In fact, there is an easier way to achieve this kind of thing. Using google's own api or 'application program interface'. I wrote the following program to test out the number of instances of the pattern "No*":
import com.google.soap.search.GoogleSearch;
import com.google.soap.search.GoogleSearchFault;
import com.google.soap.search.GoogleSearchResult;
public class No {
public static void main(String[] args) {
String clientKey = args[0];
int maxNoLength = 20;
GoogleSearch s = new GoogleSearch();
s.setKey(clientKey);
String searchKey = "no";
try {
for (int no = 0; no < maxNoLength; no++) {
searchKey += "o";
s.setQueryString(searchKey);
GoogleSearchResult r = s.doSearch();
int count = r.getEstimatedTotalResultsCount();
System.out.println(searchKey + " = " + count);
}
} catch (GoogleSearchFault f) {
System.out.println(f);
}
}
}
All it does is query google, get the estimated
count of the results, and increase the length of the query string by one character.
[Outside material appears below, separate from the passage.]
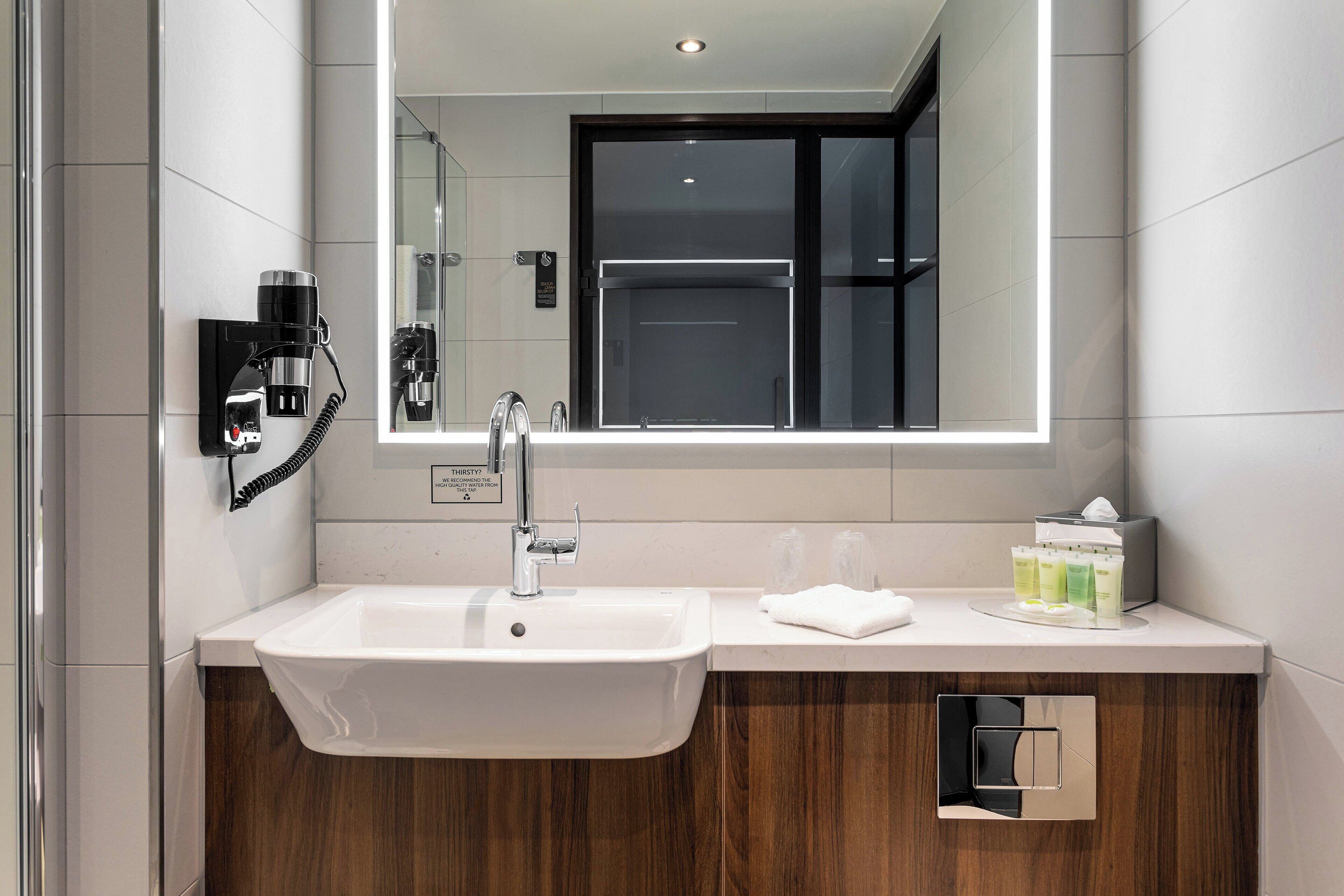 A modern bathroom with a white sink, a mirror, a hairdryer, and a towel rack.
It prints the results as it gets them:
.java -cp googleapi.jar:. No client-key
noo = 178000
nooo = 131000
noooo = 108000
nooooo = 59700
noooooo = 37100
nooooooo = 26200
noooooooo = 19600
nooooooooo = 15100
noooooooooo = 22700
nooooooooooo = 9690
noooooooooooo = 7600
nooooooooooooo = 7510
noooooooooooooo = 6700
nooooooooooooooo = 4260
noooooooooooooooo = 3790
nooooooooooooooooo = 3060
noooooooooooooooooo = 2810
nooooooooooooooooooo = 2570
noooooooooooooooooooo = 2180
nooooooooooooooooooooo = 1950
.
Where client-key is the key given to registered users of the api (it's free, but there are sensible restrictions on the number of queries per day). Of course, you might well argue that there is no 'sensible' number for queries of this type...
In case you were wondering, the reason for choosing "No" was the film Revenge of the Sith, specifically the part where Darth Vader shouts "NOooOOooOOooOO" to the sky. This meme was briefly propogated, and I wondered what the frequency was of the different lengths.